Goal of the exercise: Output the data in full. Keep every word exact and exclude the pictures.

Stored entries:
◆ ◆ ◆ ◆ ◆ ◆ ◆

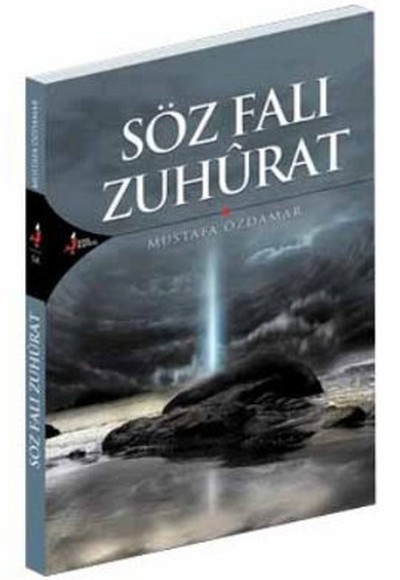 Söz Falı Zuhurat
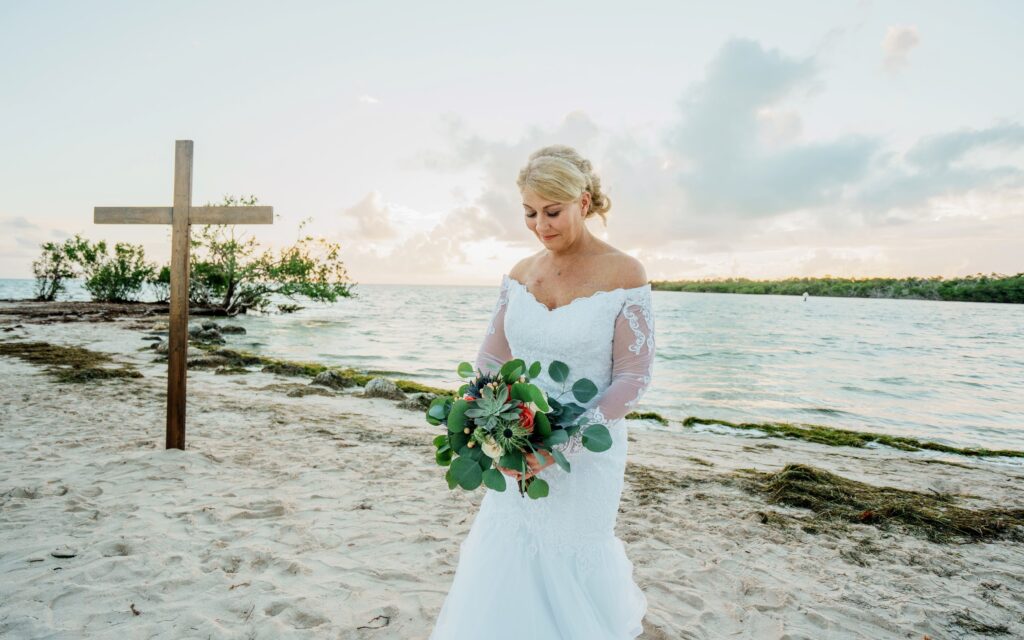 Florida Keys Weddings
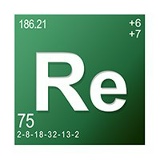 Ренат Абузаров, 26.08.1989, Москва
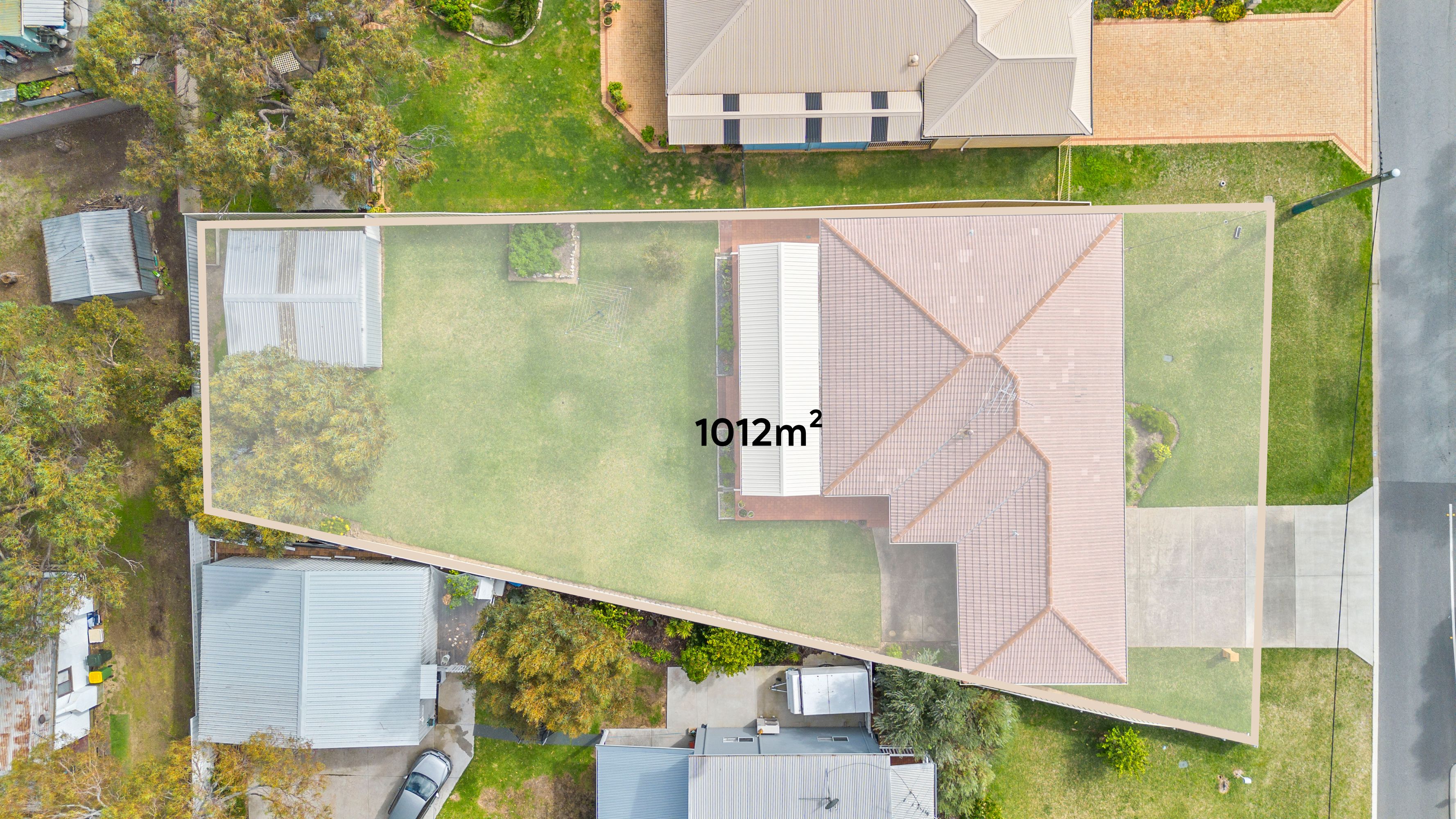 39 Serena Street, Falcon - Thumbnail 4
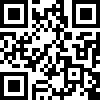 https://irasin.ir/xvrp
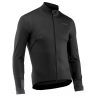 Northwave Extreme H20 2 Jacket - Kurtka rowerowa meska | Hardloop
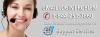 Photo for After Gmail, Gmail Now Makes Phone Numbers Mandatory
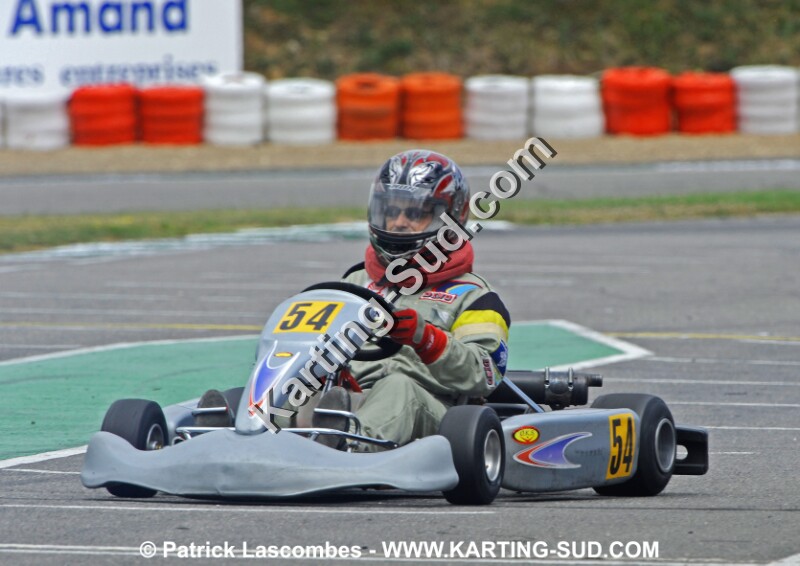 _DSC3550 copie.jpg
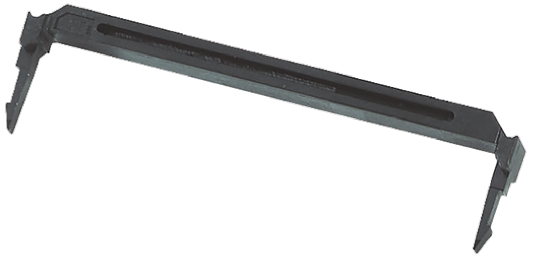 499252-9, TE Connectivity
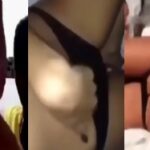 Madison Beer Sexy Masturbation Leaked Video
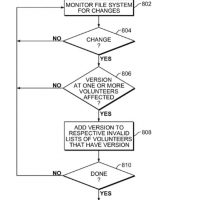 patent-101111-1.jpg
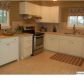 4309 Linwood Dr, Birmingham, AL 35222 ID:8168289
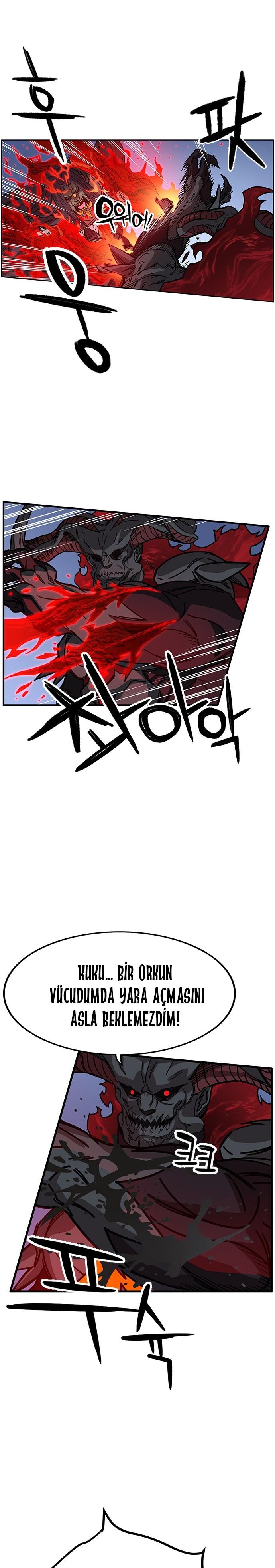 12-cm2xdfr0s0001tt82570od8ls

◆ ◆ ◆ ◆ ◆ ◆ ◆

Answer section:
 Söz Falı Zuhurat
 Florida Keys Weddings
 Ренат Абузаров, 26.08.1989, Москва
 39 Serena Street, Falcon - Thumbnail 4
 https://irasin.ir/xvrp
 Northwave Extreme H20 2 Jacket - Kurtka rowerowa meska | Hardloop
 Photo for After Gmail, Gmail Now Makes Phone Numbers Mandatory
 _DSC3550 copie.jpg
 499252-9, TE Connectivity
 Madison Beer Sexy Masturbation Leaked Video
 patent-101111-1.jpg
 4309 Linwood Dr, Birmingham, AL 35222 ID:8168289
 12-cm2xdfr0s0001tt82570od8ls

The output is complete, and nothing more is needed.